BRUSSELS (Reuters) - European Union foreign policy chief Federica Mogherini wants the EU to consider sending soldiers to Libya to back up a potential national unity government but the plan has met with skepticism from EU governments worried about the risks.
EU foreign ministers meeting in Brussels on Monday will discuss whether to authorize Mogherini to draw up proposals for a possible mission to Libya in the event U.N.-brokered talks to resolve a political crisis there bear fruit.
Libya has descended into chaos, with two rival governments and armed factions battling for power and oil wealth.
Mogherini has floated the idea of the 28-nation EU sending a team to Libya to monitor a ceasefire or to protect airports and other infrastructure if the talks led by U.N. envoy Bernardino Leon succeed. She has also suggested EU ships could help police an arms embargo.
EU diplomats said Mogherini’s plans would necessarily entail sending some European soldiers to Libya, where Islamic State militants have established a presence.
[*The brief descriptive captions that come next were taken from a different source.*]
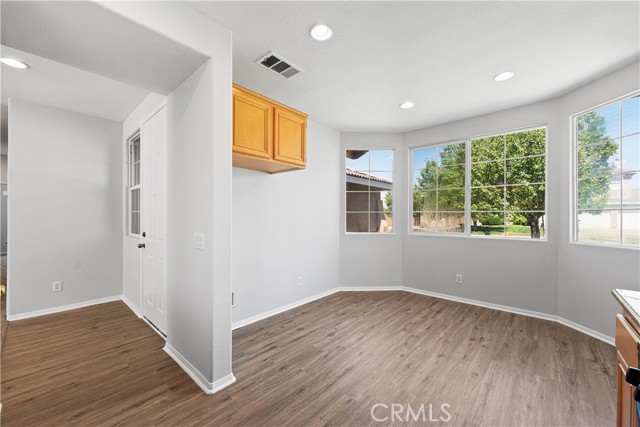 Detail Gallery Image 15 of 32 For 36521 Silverado Dr, Palmdale,  CA 93550 - 3 Beds | 2 Baths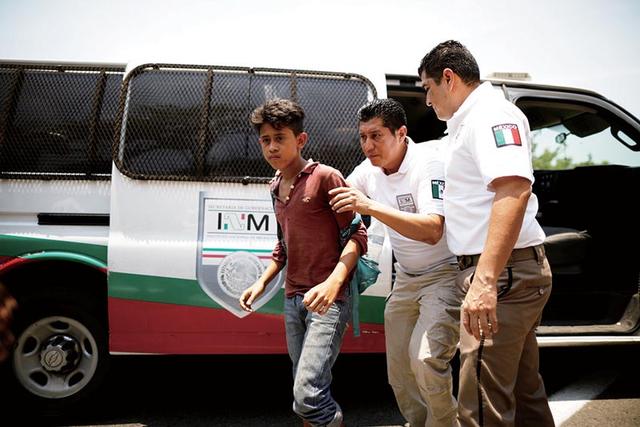 中青在线■无父无母 小“偷渡客”奔向美国边境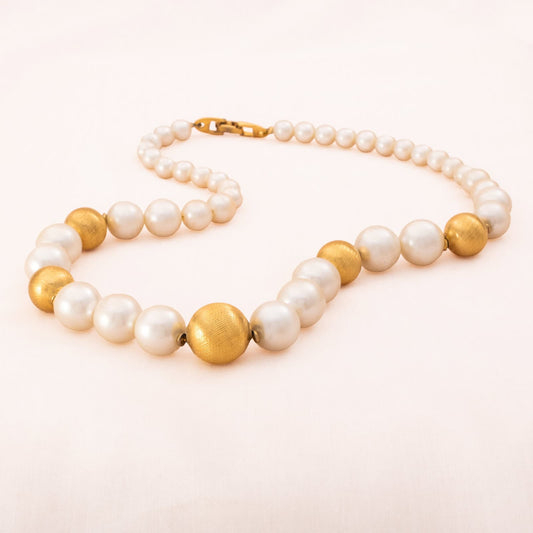 Napier-Perlenkette-graduiert-matt-vergoldete-Perlen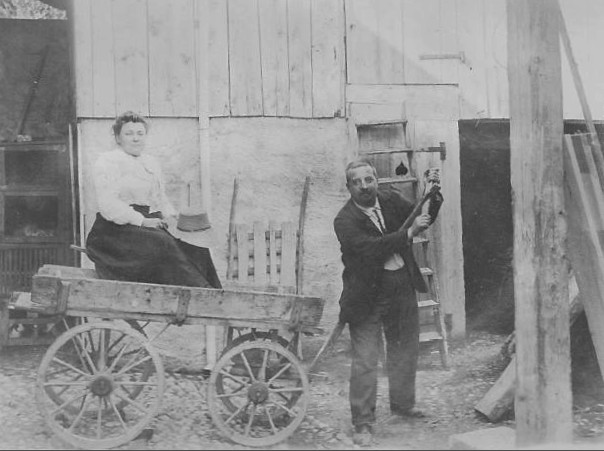 Femme dans une charrette à Saint-Julien-en-Genevois (1904)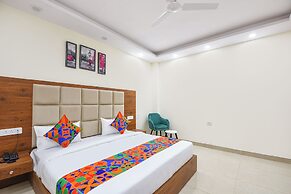 Fabhotel Evergreen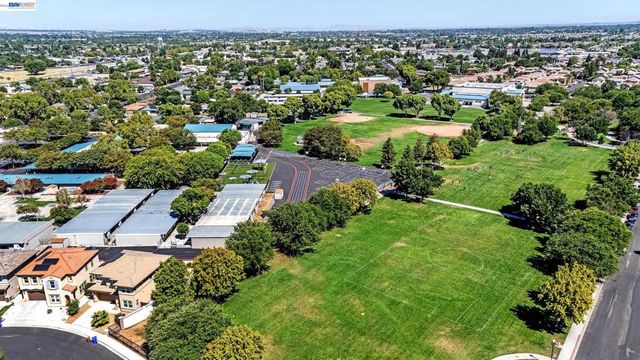 52 Redberry Loop, Brentwood, CA 94513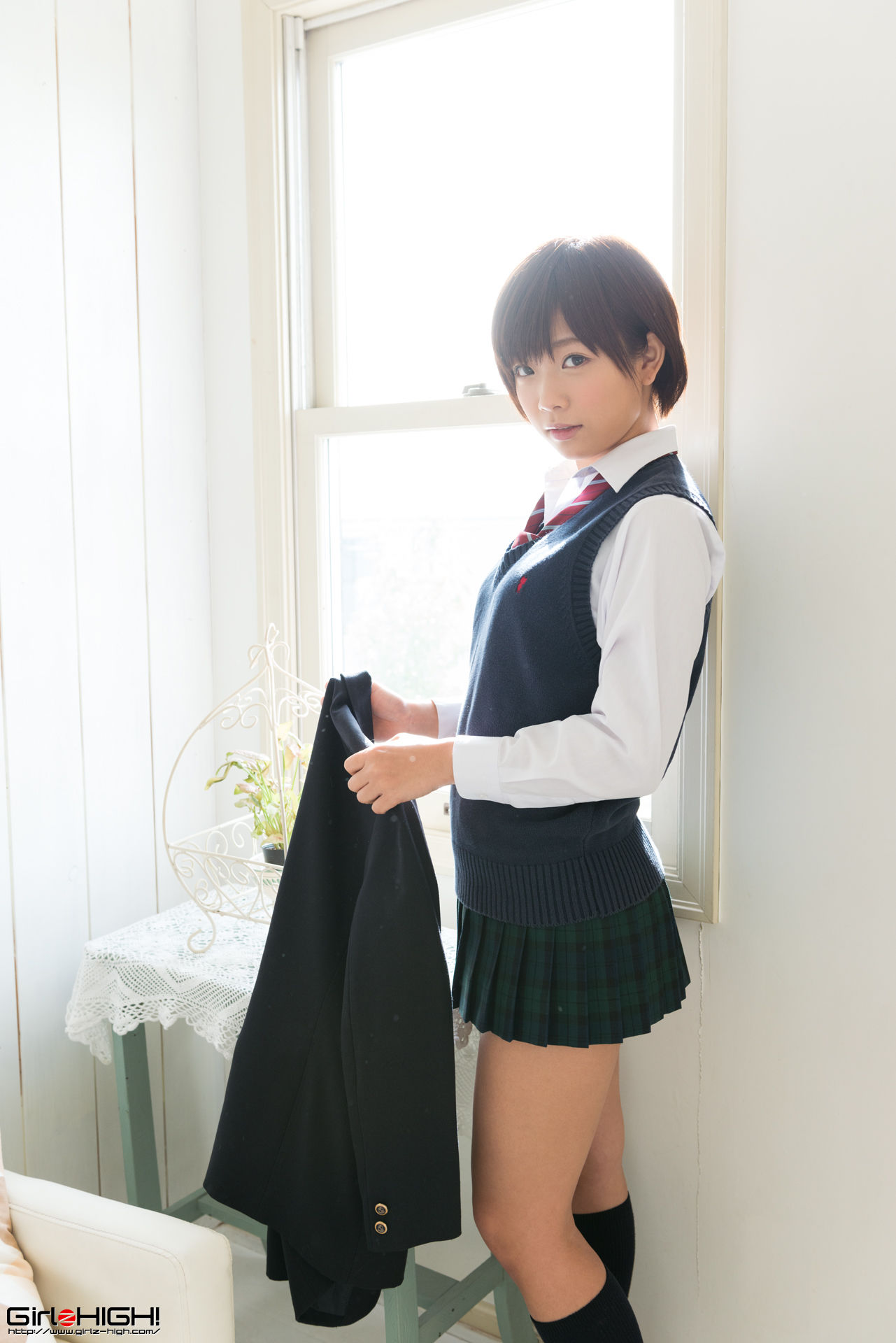 [Girlz-High] 紗倉まな Mana Sakura g022 Gravure Gallery 01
A senior EU official said the bloc could consider sending both military and civilian teams - soldiers to protect the government and civilians to help with counter-terrorism and other areas.
Diplomats from several member states were wary about being rushed into a decision.
“We’d like to see an agreement first ... and we’d like to see the detail of an ask from the U.N. before we start committing ourselves politically to planning operations which would be risky and which would bring us into an extraordinarily volatile country,” said one diplomat, speaking on condition of anonymity.
Ministers were likely to back a statement on Monday asking Mogherini to present proposals as soon as possible on a potential EU mission to Libya, but it would contain no specifics, the diplomat said.
Italy, Mogherini’s home country, and France want the EU to act to stop the chaos in Libya. Italy is struggling to cope with a wave of migrants, many of whom set off from Libya to cross the Mediterranean in rickety boats.
The EU has sent military or civilian teams to help a number of countries recover from conflicts. The bloc sent border security experts to Libya in 2013 but they were forced to move to Tunisia a year later.
A new EU mission would require both a request from Libya and a mandate from the U.N. Security Council, where support from veto-wielding Russia and China could not be taken for granted, diplomats said.